Guilherme Barbosa
Em 2002, o caso Richthofen escandalizou o Brasil pela extrema brutalidade do crime, orquestrado por Suzane Von Richthofen e os irmãos Cravinhos. A indústria cultural, desde então, explorou diversas formas de recriar esse trágico evento, seja por meio de livros, podcasts ou no Cinema. Em 2021, dois filmes apresentaram uma nova abordagem, revelando a perspectiva de Suzane e a de Daniel Cravinhos, seu então namorado. Dois anos depois das primeiras adaptações cinematográficas, surge um novo capítulo com A Menina Que Matou os Pais – A Confissão, prometendo narrar os acontecimentos desde a noite do crime até o dia em que confessaram.
O filme vem para completar a história dos antecessores A Menina que Matou os Pais e O Menino que Matou Meus Pais: não há novidade no caso, a diferença fica sobre como o ocorrido é mostrado aos espectadores. O longa apresenta os dias tensos que sucederam a noite do assassinato de Manfred e Marísia, pais de Suzane. Um terceiro olhar à história exibe todo o processo de investigação da polícia para entender como as mortes aconteceram a sangue frio até a confissão dos três envolvidos.
Desde a popularização do true crime, iniciou-se uma discussão sobre a glamourização de serial killers e os crimes que marcaram. O ponto principal é articular sobre até que momento o indivíduo que o cometeu está sendo colocado como sofredor, tirando o lugar daqueles que realmente são vítimas e os colocando como sujeito principal, deixando de lado sua crueldade e violência. Em casos muito famosos como Ted Bundy e Jeffrey Dahmer, que tiveram muitas obras criadas em torno de seus crimes, essa discussão foi muito ampliada.
Quando a Netflix lançou Dahmer: Um Canibal Americano, surgiram muitos debates sobre se realmente havia necessidade de criar mais uma retratação de um caso que afetou e marcou a vida de tantas pessoas, já que a série foi acusada de mostrar o serial killer como vítima em alguns momentos. Com A Menina Que Matou os Pais – A Confissão, não seria diferente levantar o questionamento se era necessário criar mais um capítulo para uma história que foi tão cruel e sensacionalizada pela mídia. Também não é diferente afirmar que mais uma vez um crime grave e cruel foi explorado para criar uma obra cinematográfica puramente mercadológica, visto o resultado raso do filme entre atuações e desenvolvimento.
Com o lançamento, um certo clamor foi gerado com a expectativa de que a direção e atriz principal conseguissem demonstrar a dissimulação, narcisismo, manipulação e frieza de Suzane, uma pessoa tão complexa, que conseguia demonstrar muitas características em um só momento.
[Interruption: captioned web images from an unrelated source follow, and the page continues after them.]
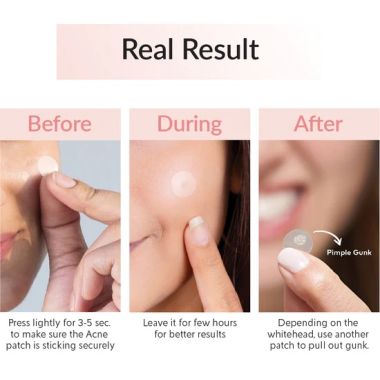 Priveda: Acne Pimple Patch - Absorbing Hydrocolloid Spot Treatment - 57 Patches
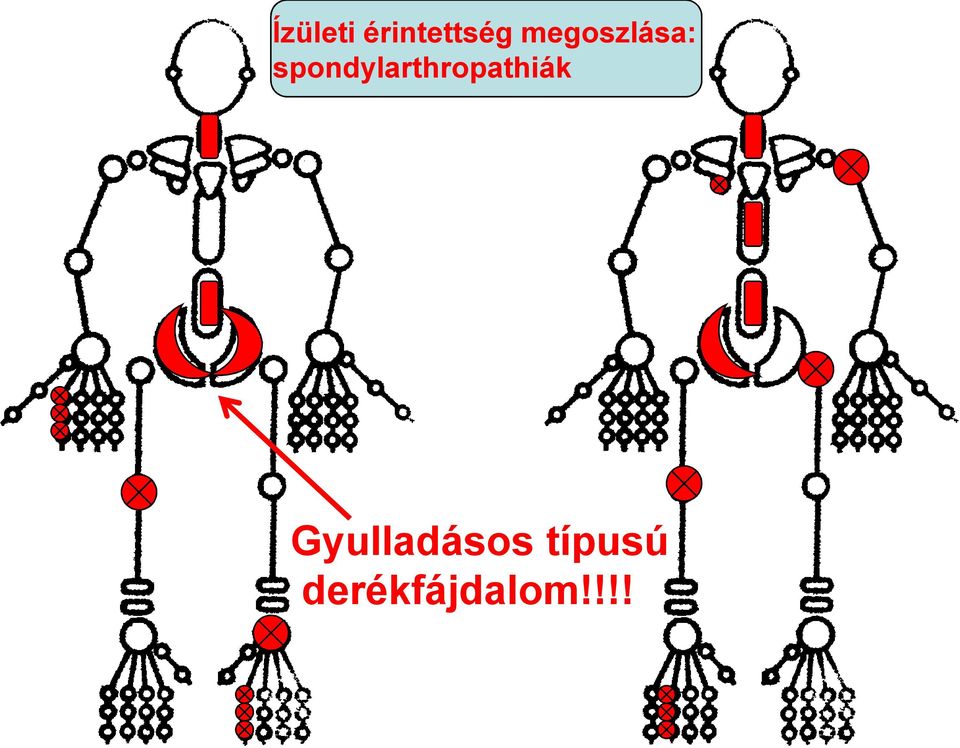 spondylarthropathiák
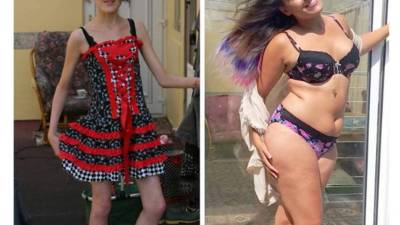 Megan Jayne comenzó a sufrir por problemas de imagen con su cuerpo desde los cinco años. A los 14 fue diagnosticada con anorexia, por lo que se internó en una institución mental para jóvenes antes de ser hospitalizada.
Carla Diaz, com certa diligência, representa as emoções de Richthofen em ocasiões marcantes para o ocorrido, como no enterro dos pais, no qual ela utilizou calça jeans e um cropped preto. No terceiro ato, temos uma atuação mais contida, tornando os acontecimentos mais convincentes.
Leonardo Bittencourt e Allan Souza Lima, em suas representações dos irmãos Cravinhos, têm desempenhos diferentes. Bittencourt não tem muita precisão em demonstrar o nervosismo que Daniel demandava naquele momento, diferentemente do representante de Cristian Cravinhos, que tem uma das melhores performances de todo elenco ao interpretar aquele que acabou influenciando em diferentes momentos da investigação. O ápice vem no terceiro ato, próximo da confissão, quando ele mostra com muita maestria como o ser humano se comporta sob pressão e nervosismo.
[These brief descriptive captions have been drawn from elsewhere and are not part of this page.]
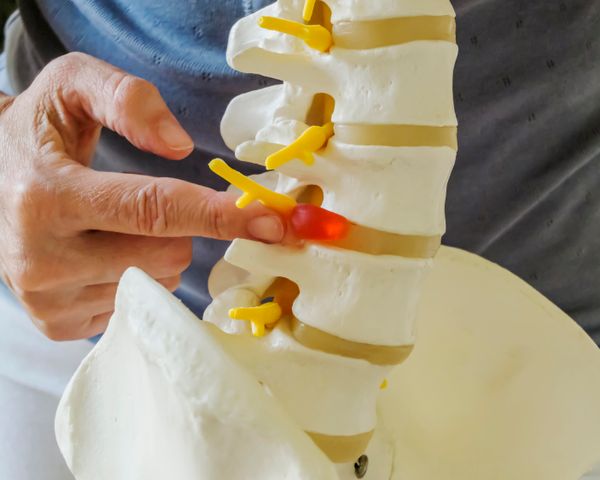 Model of a spine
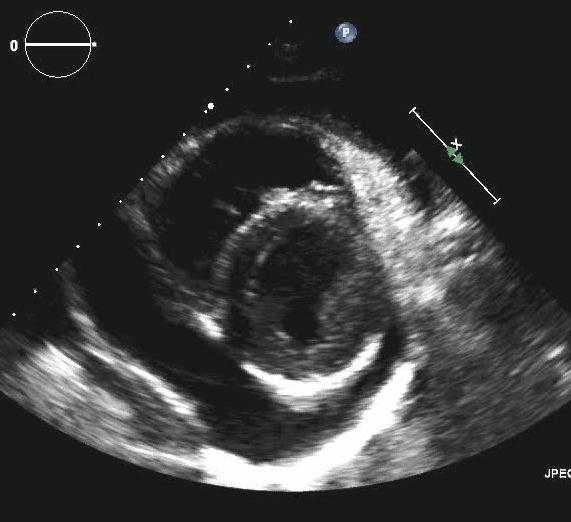 Pericardial effusion on Echo Treated with Ibuprofen 2400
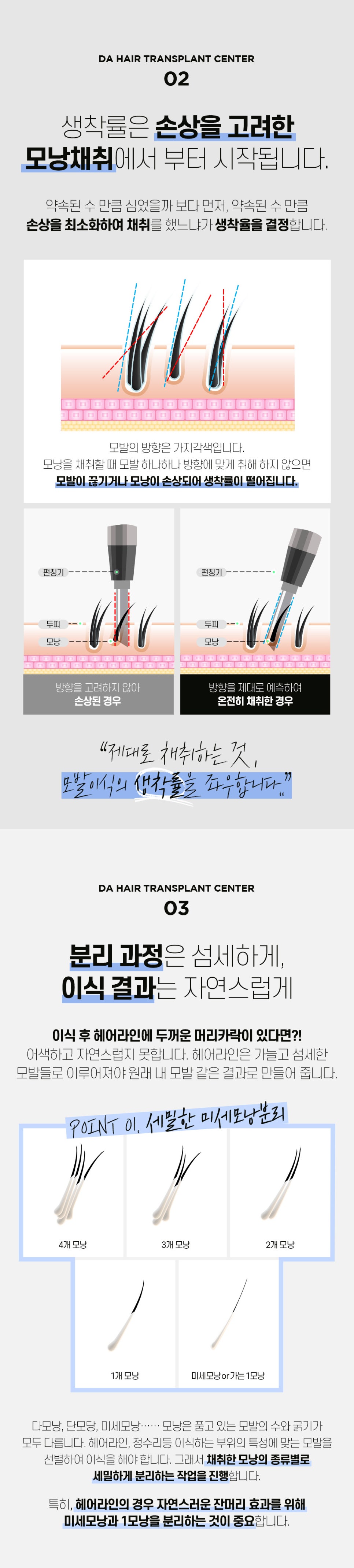 남자 헤어라인 모발이식 후기 비용 궁금하다면 관련 이미지 4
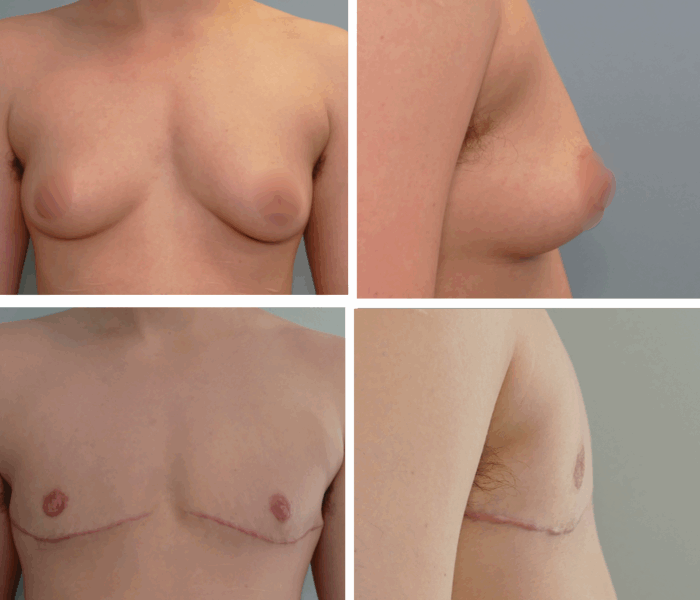 Before and after chest masculinization by Dr. Tina Jenq in Portland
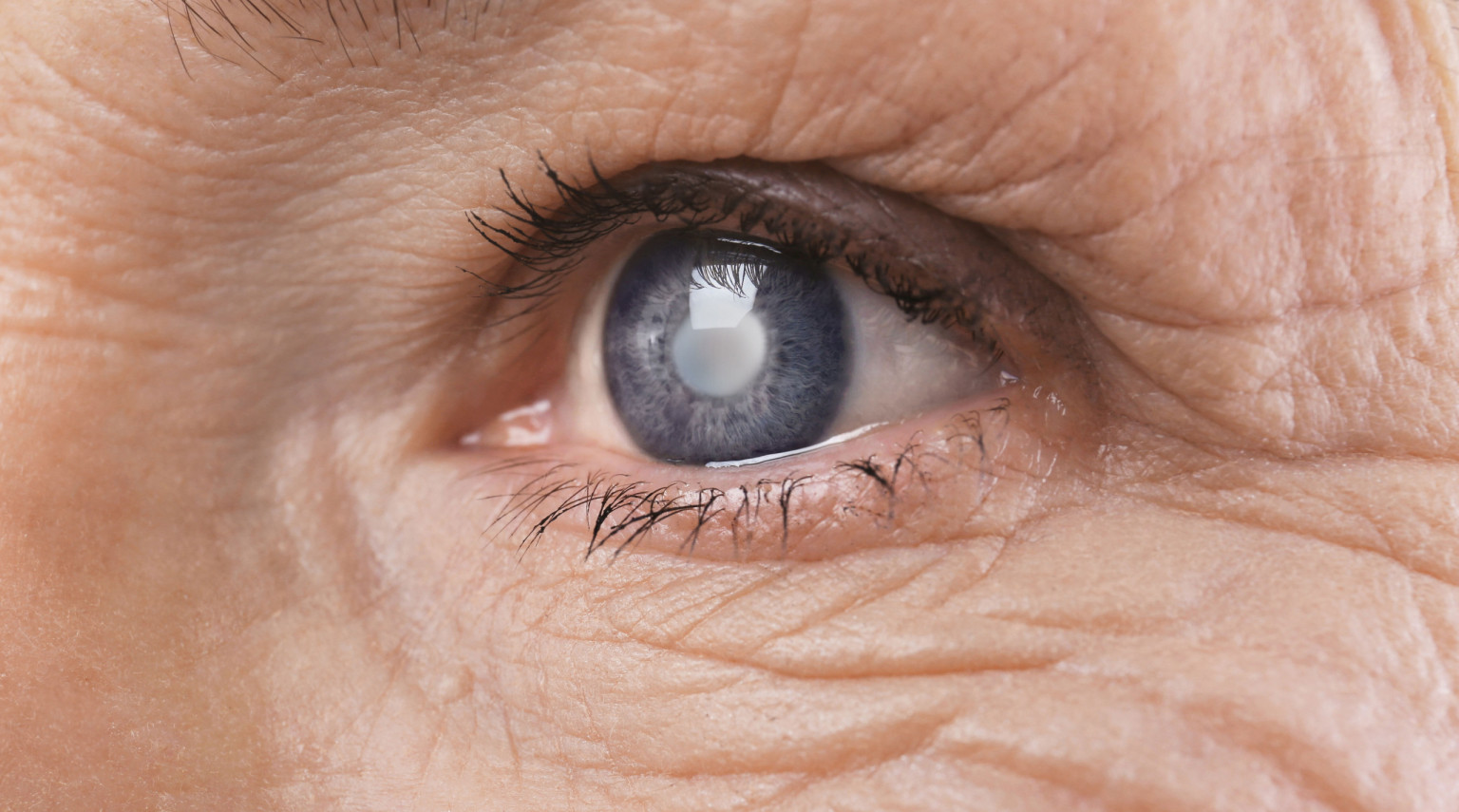 Intervento per la cataratta: quanto dura, come si svolge e tempi di recupero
O desenvolvimento do enredo escrito por Ilana Casoy e Raphael Montes ocorre principalmente por meio da investigação do crime. Contudo, na segunda metade do filme, percebe-se uma aceleração em direção ao clímax, resultando em uma conduta que negligencia a exploração aprofundada dos detalhes da apuração do incidente. A habilidade da polícia em conectar todas as peças de um quebra-cabeça tão difícil é bruscamente simplificada, com base em pequenos descuidos dos personagens, o que pode parecer um tanto quanto duvidoso.
Filmes baseados em histórias reais, especialmente aqueles que abordam crimes brutais como o caso Richthofen, são muito desafiadores. A tarefa é complexa e requer uma sensibilidade competente de toda a equipe envolvida. A Menina Que Matou Os Pais – A Confissão é mais uma abordagem comercial e midiática do que uma criação de um testemunho significativo que honre a memória das verdadeiras vítimas.